**WORK TO BE COMPLETED:**
The required answer is the data below, restated word for word with images omitted.

**SUPPLIED INFORMATION:**
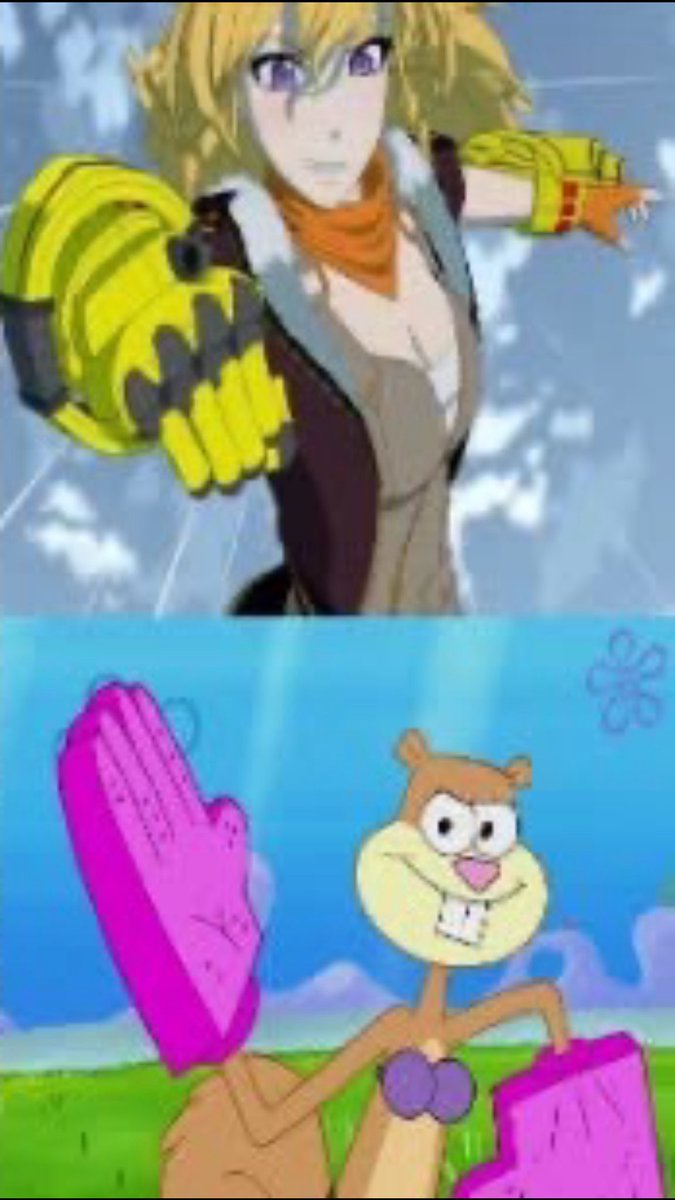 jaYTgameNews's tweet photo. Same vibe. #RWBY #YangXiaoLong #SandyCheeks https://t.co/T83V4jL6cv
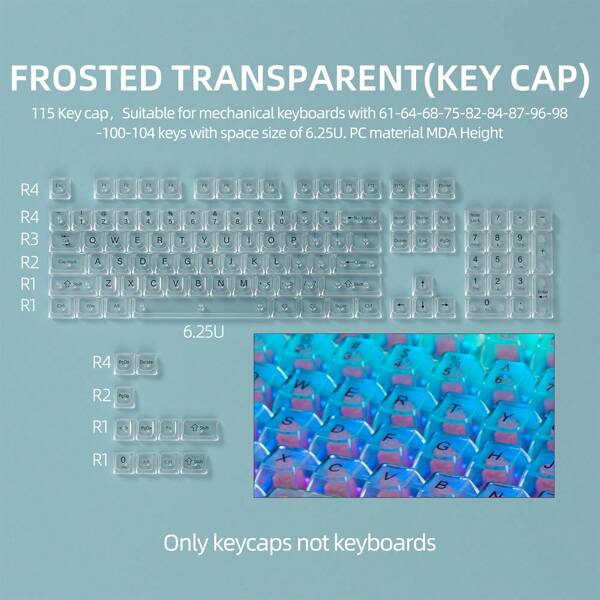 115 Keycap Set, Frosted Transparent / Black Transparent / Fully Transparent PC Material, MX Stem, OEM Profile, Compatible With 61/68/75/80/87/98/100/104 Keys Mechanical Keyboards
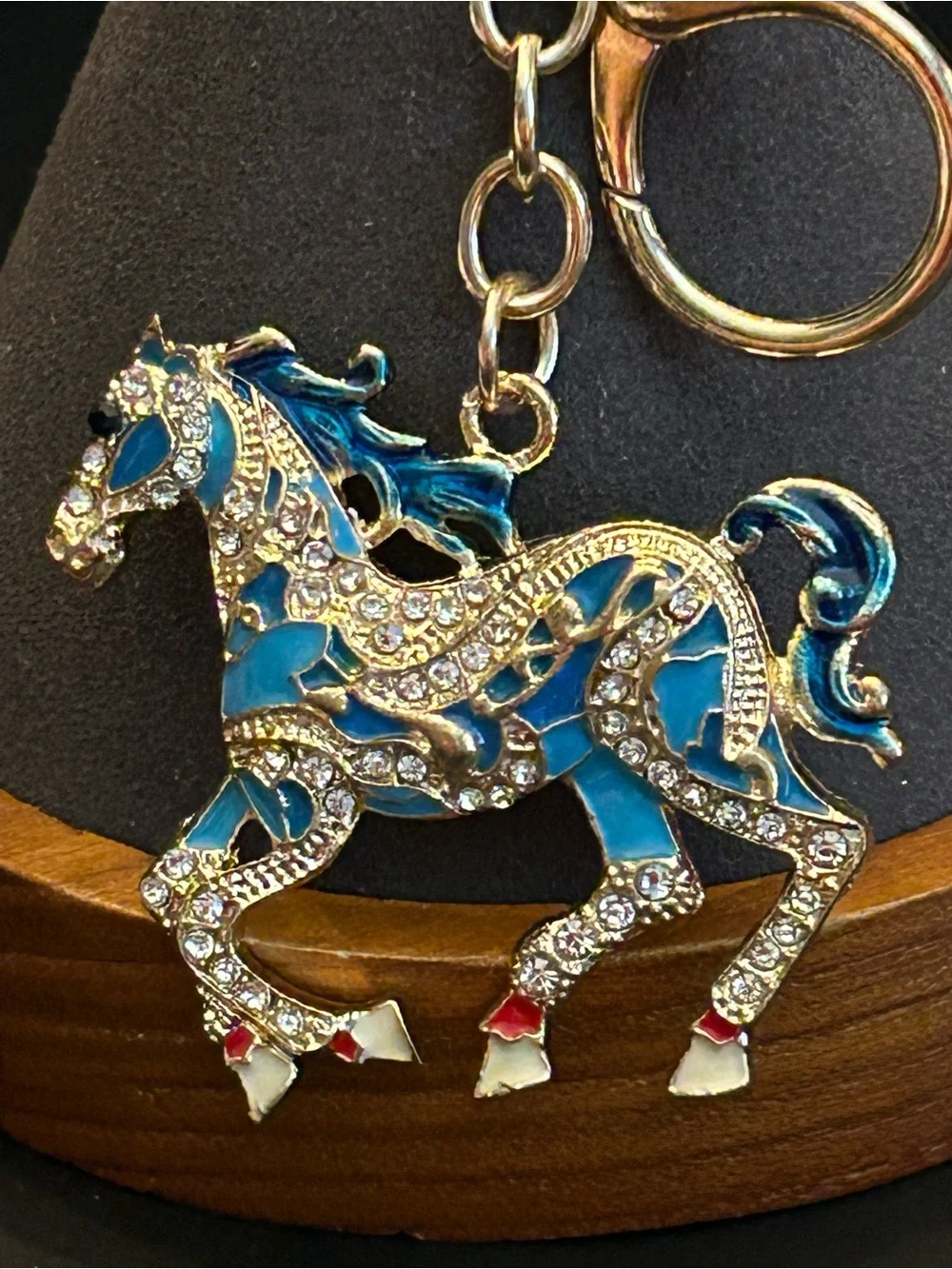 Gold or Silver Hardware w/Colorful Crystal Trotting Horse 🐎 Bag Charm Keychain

**SOLUTION:**
 jaYTgameNews's tweet photo. Same vibe. #RWBY #YangXiaoLong #SandyCheeks https://t.co/T83V4jL6cv
 115 Keycap Set, Frosted Transparent / Black Transparent / Fully Transparent PC Material, MX Stem, OEM Profile, Compatible With 61/68/75/80/87/98/100/104 Keys Mechanical Keyboards
 Gold or Silver Hardware w/Colorful Crystal Trotting Horse 🐎 Bag Charm Keychain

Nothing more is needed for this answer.